There's one place, as of right now, where I can go and feel at home. When things are hard, or I am sad or lonely, or I just want to read and write, I go to this little coffee shop in Southeast Portland, on Hawthorne street and I sit and feel as if every thing is right with the world. In fact, as I sit here and type this I am in that very coffee shop, feeling very calm and peaceful even though I know when I walk out that door, I will have to face the heartache that I feel I am experiencing during this time of transition.

And so, I think back to the song I heard that was written on this very street, and as I prepare to head out and walk down that street, I hum this tune and remind myself to be calm. I know I feel like I am breaking down, and everything's wrong, and that it gets so hard sometimes, but JJ, just be calm.

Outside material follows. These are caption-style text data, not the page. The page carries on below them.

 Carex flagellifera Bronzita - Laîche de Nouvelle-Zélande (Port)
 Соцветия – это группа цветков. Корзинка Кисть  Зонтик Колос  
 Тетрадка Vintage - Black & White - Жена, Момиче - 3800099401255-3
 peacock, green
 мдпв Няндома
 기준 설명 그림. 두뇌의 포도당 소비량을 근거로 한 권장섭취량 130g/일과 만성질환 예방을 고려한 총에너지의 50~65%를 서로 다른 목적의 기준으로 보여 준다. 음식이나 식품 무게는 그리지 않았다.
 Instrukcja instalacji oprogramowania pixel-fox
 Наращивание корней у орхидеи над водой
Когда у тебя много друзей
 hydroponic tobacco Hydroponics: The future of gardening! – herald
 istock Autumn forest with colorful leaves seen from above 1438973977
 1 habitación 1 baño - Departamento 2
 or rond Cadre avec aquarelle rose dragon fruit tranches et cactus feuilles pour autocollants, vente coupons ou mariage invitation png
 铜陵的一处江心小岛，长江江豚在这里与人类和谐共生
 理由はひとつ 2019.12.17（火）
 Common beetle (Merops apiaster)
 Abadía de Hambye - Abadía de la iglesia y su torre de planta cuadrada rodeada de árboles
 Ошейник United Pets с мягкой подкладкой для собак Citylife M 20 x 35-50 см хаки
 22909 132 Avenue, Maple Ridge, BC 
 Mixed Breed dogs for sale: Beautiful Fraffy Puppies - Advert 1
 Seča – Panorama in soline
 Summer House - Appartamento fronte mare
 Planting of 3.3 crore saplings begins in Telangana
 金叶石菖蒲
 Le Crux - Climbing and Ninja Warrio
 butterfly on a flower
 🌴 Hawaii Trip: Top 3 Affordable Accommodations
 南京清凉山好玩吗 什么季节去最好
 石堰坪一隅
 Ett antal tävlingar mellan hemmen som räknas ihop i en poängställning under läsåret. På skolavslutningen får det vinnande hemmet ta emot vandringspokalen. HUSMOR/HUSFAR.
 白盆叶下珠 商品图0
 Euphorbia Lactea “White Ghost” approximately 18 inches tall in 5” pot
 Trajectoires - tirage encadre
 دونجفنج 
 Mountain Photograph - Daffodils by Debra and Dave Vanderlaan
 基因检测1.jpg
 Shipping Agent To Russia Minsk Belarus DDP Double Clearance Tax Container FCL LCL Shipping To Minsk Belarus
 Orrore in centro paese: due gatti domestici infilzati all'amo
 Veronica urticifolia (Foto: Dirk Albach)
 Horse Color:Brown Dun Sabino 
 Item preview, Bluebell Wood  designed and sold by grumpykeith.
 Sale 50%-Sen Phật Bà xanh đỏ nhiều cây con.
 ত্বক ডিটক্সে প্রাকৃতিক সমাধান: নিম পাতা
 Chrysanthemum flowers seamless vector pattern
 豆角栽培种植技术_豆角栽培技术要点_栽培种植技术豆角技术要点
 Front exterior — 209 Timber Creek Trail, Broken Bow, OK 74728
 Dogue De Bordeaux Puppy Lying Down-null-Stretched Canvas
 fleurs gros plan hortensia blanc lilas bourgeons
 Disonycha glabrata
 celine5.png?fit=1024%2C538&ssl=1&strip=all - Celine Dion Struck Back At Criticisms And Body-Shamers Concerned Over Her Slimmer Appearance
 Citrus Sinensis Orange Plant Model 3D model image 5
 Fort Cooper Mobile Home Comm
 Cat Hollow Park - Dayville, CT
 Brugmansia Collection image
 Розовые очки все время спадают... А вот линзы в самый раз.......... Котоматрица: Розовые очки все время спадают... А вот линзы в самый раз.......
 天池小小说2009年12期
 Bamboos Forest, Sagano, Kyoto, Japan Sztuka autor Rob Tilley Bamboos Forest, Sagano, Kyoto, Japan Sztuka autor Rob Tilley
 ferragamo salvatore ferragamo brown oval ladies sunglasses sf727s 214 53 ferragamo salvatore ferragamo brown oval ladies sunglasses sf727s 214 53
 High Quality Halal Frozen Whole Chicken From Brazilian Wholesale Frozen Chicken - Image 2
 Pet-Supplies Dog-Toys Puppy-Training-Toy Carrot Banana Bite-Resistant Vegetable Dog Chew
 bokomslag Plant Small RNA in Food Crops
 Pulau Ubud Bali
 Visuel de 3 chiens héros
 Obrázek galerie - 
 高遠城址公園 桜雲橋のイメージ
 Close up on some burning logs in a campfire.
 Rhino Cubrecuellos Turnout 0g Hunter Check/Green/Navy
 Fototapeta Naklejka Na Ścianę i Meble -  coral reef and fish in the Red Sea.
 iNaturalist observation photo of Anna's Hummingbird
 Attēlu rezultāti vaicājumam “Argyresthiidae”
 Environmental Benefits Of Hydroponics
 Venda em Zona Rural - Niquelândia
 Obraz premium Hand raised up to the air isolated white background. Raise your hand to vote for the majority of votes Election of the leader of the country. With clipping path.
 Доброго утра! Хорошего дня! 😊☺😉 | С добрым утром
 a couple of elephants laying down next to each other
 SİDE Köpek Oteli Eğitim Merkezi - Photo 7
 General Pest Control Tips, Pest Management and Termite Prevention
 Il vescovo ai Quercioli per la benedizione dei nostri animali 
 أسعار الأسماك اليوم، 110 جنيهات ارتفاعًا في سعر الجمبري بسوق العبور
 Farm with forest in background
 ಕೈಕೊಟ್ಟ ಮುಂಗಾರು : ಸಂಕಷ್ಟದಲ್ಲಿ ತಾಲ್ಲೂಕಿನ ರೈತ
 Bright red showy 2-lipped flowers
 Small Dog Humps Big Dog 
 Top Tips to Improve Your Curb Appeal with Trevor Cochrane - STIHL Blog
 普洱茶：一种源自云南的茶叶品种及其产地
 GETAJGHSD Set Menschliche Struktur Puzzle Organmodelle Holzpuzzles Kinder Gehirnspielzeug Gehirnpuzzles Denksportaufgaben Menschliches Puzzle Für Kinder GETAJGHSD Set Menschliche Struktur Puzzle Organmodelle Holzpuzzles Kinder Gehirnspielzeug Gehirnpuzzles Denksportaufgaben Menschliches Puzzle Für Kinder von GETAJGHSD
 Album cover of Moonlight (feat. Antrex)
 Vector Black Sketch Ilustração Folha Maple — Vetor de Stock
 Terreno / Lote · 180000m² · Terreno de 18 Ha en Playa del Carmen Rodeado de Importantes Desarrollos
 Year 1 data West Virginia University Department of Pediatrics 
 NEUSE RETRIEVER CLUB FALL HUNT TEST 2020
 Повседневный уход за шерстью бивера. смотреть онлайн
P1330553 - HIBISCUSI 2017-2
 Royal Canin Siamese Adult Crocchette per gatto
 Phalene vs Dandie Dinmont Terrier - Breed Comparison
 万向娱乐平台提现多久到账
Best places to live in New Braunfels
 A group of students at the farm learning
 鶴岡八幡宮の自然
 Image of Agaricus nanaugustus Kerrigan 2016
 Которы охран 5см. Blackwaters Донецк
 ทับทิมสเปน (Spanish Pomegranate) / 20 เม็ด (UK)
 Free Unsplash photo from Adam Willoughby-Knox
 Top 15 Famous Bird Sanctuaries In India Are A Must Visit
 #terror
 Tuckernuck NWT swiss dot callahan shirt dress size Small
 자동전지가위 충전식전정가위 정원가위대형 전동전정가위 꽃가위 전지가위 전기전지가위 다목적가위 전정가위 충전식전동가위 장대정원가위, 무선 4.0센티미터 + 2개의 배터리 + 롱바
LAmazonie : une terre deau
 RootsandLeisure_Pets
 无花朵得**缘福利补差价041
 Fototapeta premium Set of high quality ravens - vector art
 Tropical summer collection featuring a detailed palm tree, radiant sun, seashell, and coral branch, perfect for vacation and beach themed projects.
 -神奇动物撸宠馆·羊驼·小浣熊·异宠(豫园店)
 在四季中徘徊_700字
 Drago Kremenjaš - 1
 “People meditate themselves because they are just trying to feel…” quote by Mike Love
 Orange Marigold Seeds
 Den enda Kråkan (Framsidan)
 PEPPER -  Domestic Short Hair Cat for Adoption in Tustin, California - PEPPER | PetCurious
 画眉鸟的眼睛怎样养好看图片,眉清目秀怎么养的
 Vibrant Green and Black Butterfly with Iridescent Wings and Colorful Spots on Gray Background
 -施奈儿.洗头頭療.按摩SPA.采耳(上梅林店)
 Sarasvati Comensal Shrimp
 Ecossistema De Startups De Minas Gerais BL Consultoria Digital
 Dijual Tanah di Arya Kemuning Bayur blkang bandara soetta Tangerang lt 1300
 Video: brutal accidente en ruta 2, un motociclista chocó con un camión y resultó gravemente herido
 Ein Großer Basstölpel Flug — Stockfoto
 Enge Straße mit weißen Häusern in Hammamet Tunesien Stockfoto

--------------------------------------

Be Calm by fun.

As I walk through the streets of my new city
my back feeling much better, I suppose
I've reclaimed the use of my imagination
for better or for worse, I've yet to know
but I always knew you'd be the one to understand me,
I guess that's why it took so long to get things right.
Suddenly I'm lost
On my street
On my block

Oh why, Oh why
Oh why haven't you been there for me?
Can't you see, I'm losing my mind this time?
This time I think it's for real, I can see

All the tree tops turning red
The beggars near bodegas grin at me
I think they want something
I close my eyes, I tell myself to breathe

and be calm.
Be calm.
I know you feel like you are breaking down.
Oh I know that it gets so hard sometimes.
Be calm.

I'm scared that everyone is out to get me.
"These days before you speak to me you pause."
"I always see you looking out your window."
"After all, you lost your band, you left your mom."
Now every single crack, every penny that I pass,
says I should either leave or pick it up
But with every single buck I've made
I'm saddled with bad luck that came

the moment I was baptized
or when I found out one day I'm gonna die
if only I could find my people or my place in life
a when they come a'carolin'
so loud, so bright, the theremin
will lead us to a chorus
where we'll all rejoice and sing a song that goes:

Oh be calm.
Be calm.
I know you feel like you are breaking down.
I know that it gets so hard sometimes,
Be calm.
Take it from me, I've been there a thousand times.
You hate your pulse because it thinks you're still alive
and everything's wrong
It just gets so hard sometimes
Be calm.

I don't remember much that night,
Just walking, thinking fondly of you
Thinking how the worst is yet to come
When from that street corner came a song
And I can't remember the man,
The panhandler or his melody.
The words exchanged had far exceeded any change I'd given thee.

Oh be calm.
Be calm.
I know you feel like you are breaking down.
Oh I know that it gets so hard sometimes,
Be calm.
Take it from me, I've been there a thousand times.
You hate your pulse because it still thinks you're alive
and everything's wrong
It just gets so hard sometimes
Be calm.
Be calm.

1 comment:

Dan said...

I'm not even sure how to explain my experience of that song. It was overwhelming. Strangely ironic, I suppose.

Be calm.

good reminder.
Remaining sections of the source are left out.